● ACTIVITY: Nothing but the images should be left out when the entries are restated word for word.

Short web captions
___
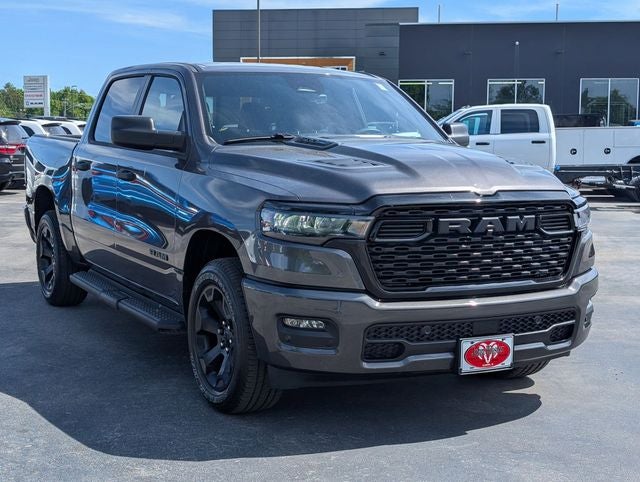 2026 RAM Ram 1500 RAM 1500 EXPRESS CREW CAB 4X4 5'7' BOX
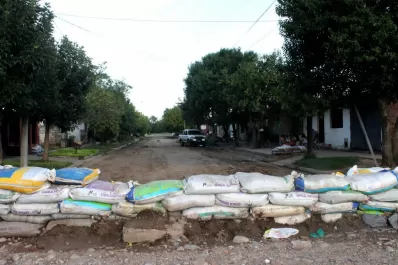 Vecinos de Alberdi levantan defensas contra la lluvia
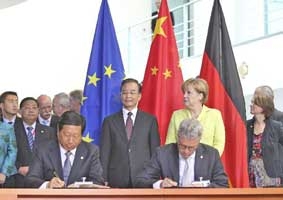 Hợp tác trong thận trọng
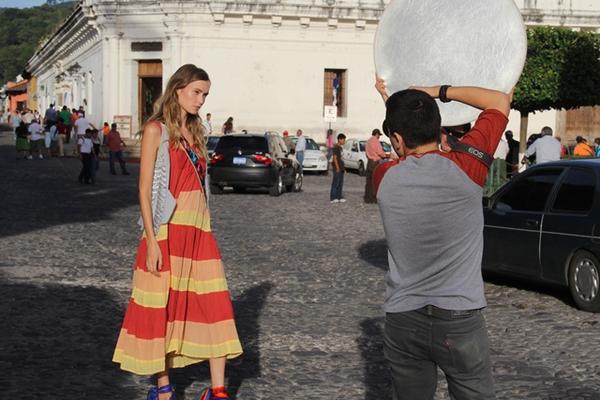 Modelo posa durante sesión de fotos en uno de los sitios escogidos en Antigua Guatemala. (Foto Prensa Libre: Miguel López)<br _mce_bogus="1"/>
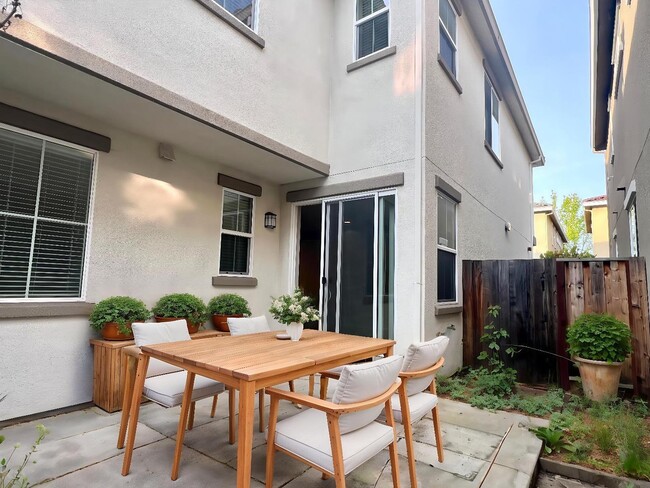 property at 533 Aspen Pl
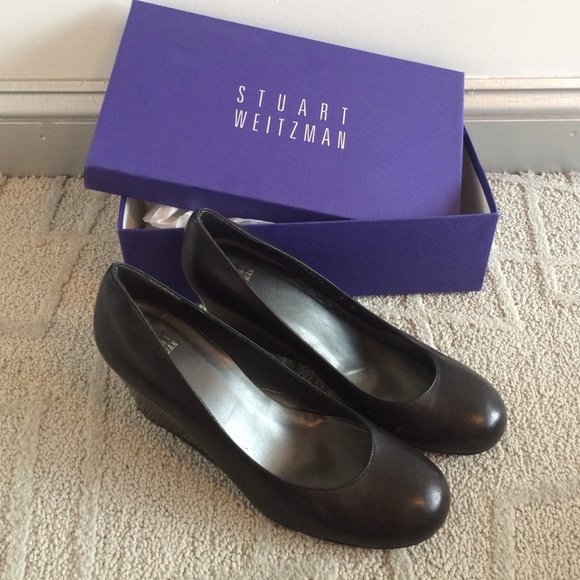 AUTHENTIC Stuart Weitzman wedges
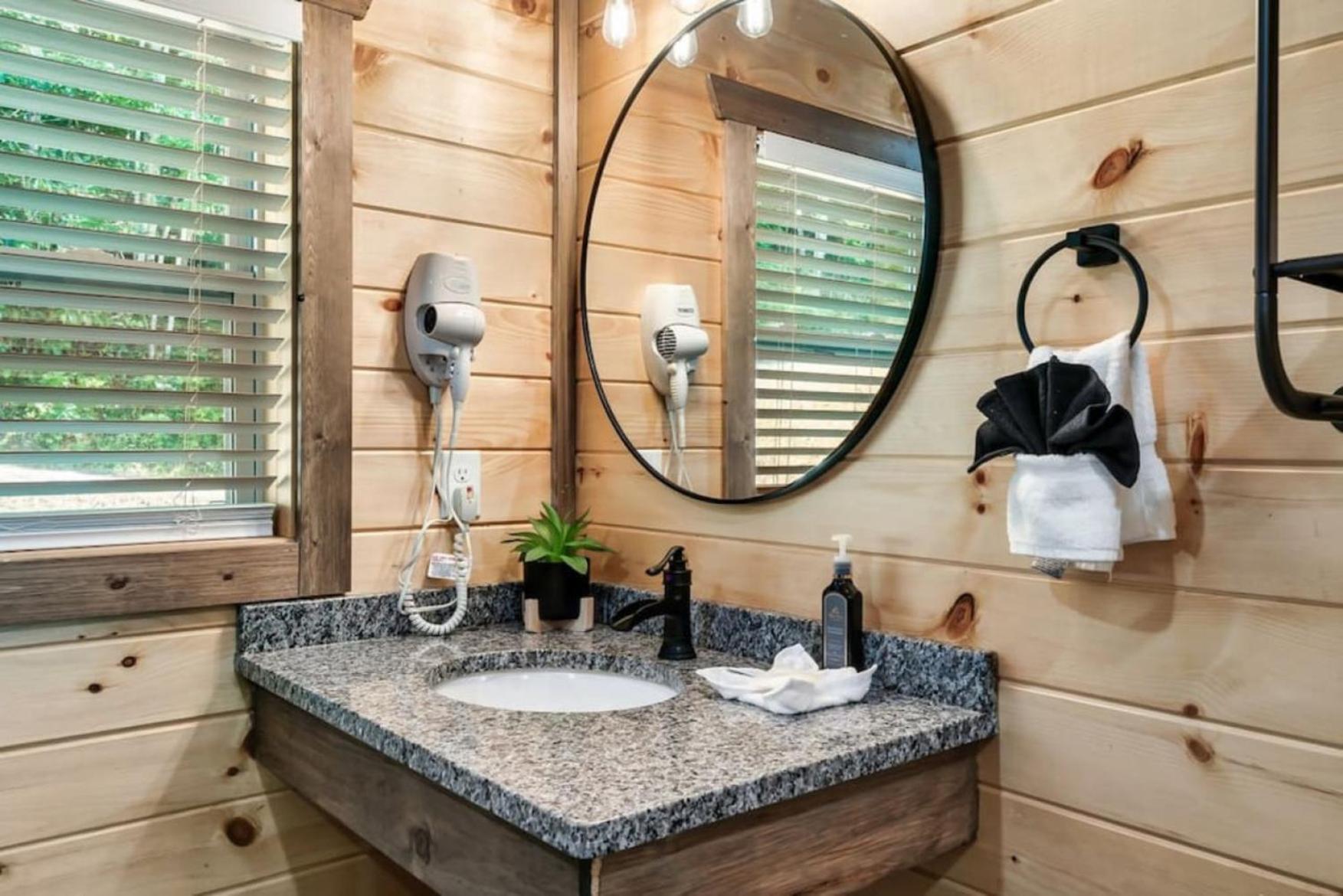 Tranquil Mountain Getaway By Ghosal Luxury Lodging Gatlinburg Bagian luar foto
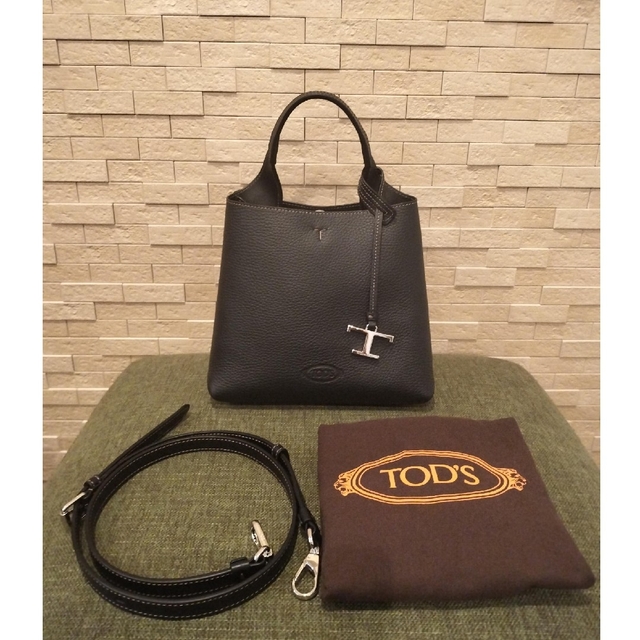 TOD'S(トッズ)のトッズ　レザーバッグ　ミニ レディースのバッグ(ショルダーバッグ)の商品写真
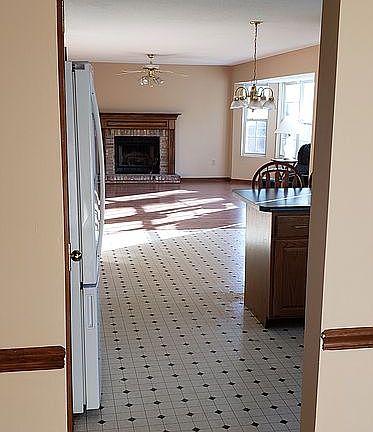 4th image of 1509 Stonebrooke Dr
___
● EXERCISE RESULT:
 2026 RAM Ram 1500 RAM 1500 EXPRESS CREW CAB 4X4 5'7' BOX
 Vecinos de Alberdi levantan defensas contra la lluvia
 Hợp tác trong thận trọng
 Modelo posa durante sesión de fotos en uno de los sitios escogidos en Antigua Guatemala. (Foto Prensa Libre: Miguel López)<br _mce_bogus="1"/>
 property at 533 Aspen Pl
 AUTHENTIC Stuart Weitzman wedges
 Tranquil Mountain Getaway By Ghosal Luxury Lodging Gatlinburg Bagian luar foto
 TOD'S(トッズ)のトッズ　レザーバッグ　ミニ レディースのバッグ(ショルダーバッグ)の商品写真
 4th image of 1509 Stonebrooke Dr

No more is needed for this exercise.